Hesgeth (looking agitatatedly at his watch): President Greatness, is this meeting going to last much longer? I have…err…an appointment.
Miller: With Jim Beam?
The door of the Romper Room flies open and in strides Tom ‘Bolshie Border Czar’ Homan: Who needs whackin’? Ah’m yer man.
MacTrump: There’s my pitbull. You can start with Piddle Diddle and that Colombus asshole president. Then, I’ve got a Special Mission for you, Border Man. I want you to Train up my son, Barrrron. Make him into a Killer like his Brothers. He’s Good with the Crypto crap…wallets and whatever…but he’s a Mummy’s boy. Don’t let My wife Ivank…Ivania…Melankia…whatever her name is…know I Said that. She’ll cut all My ties in half.

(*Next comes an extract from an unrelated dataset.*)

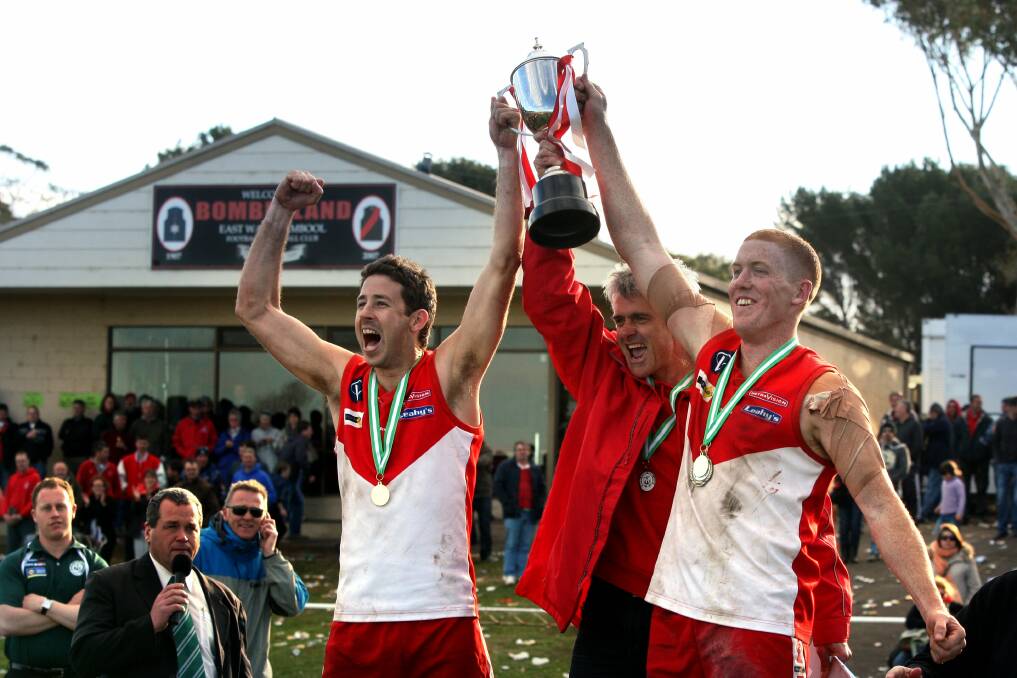 C'MON: Danny Finn, Nigel Kol and Jarrod Thompson celebrate South Warrnambool's 2011 premiership. 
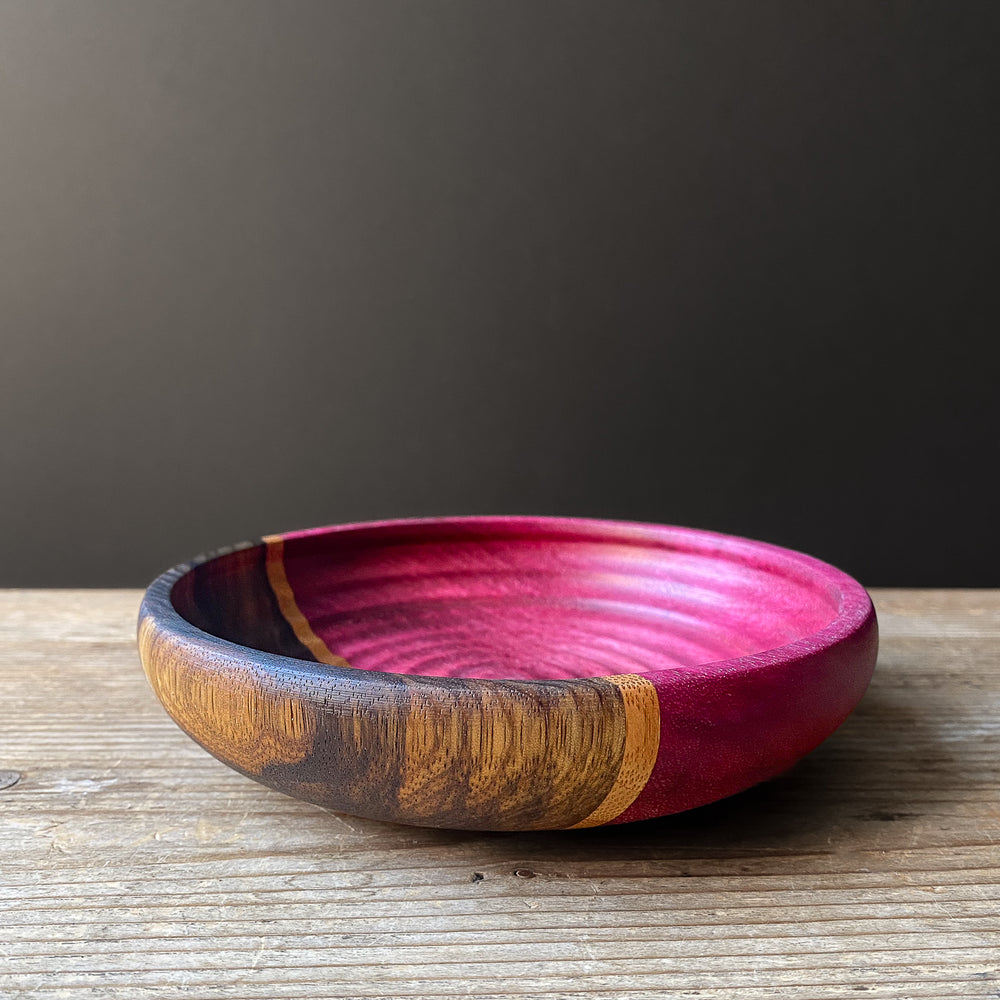 Purple and black segmented wooden bowl with rippled interior against minimalist background.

Skum: Can you just sign this, Don Trumpollini? Please!
As if summoned by demonic powers, Generalia Melania ‘Za-Za’ Trumpette wafted into the War Room, swathed in endangered furs and a cloud of Chanel No. 666 (made for her and her alone): I vant to meet ziz Piddy Diddy.
A load groan reverberates around the Romper Room.
Generalia Melania: Make it heppen, Prezzie Hubbie. And I vant you to buy my old contree Slovenia. Forget zat sillee Green von.
MacTrump (to Elon): Where the Hell is Slovenly Enya?
Skum: I’ll buy it for her, Trumpy; just sign this.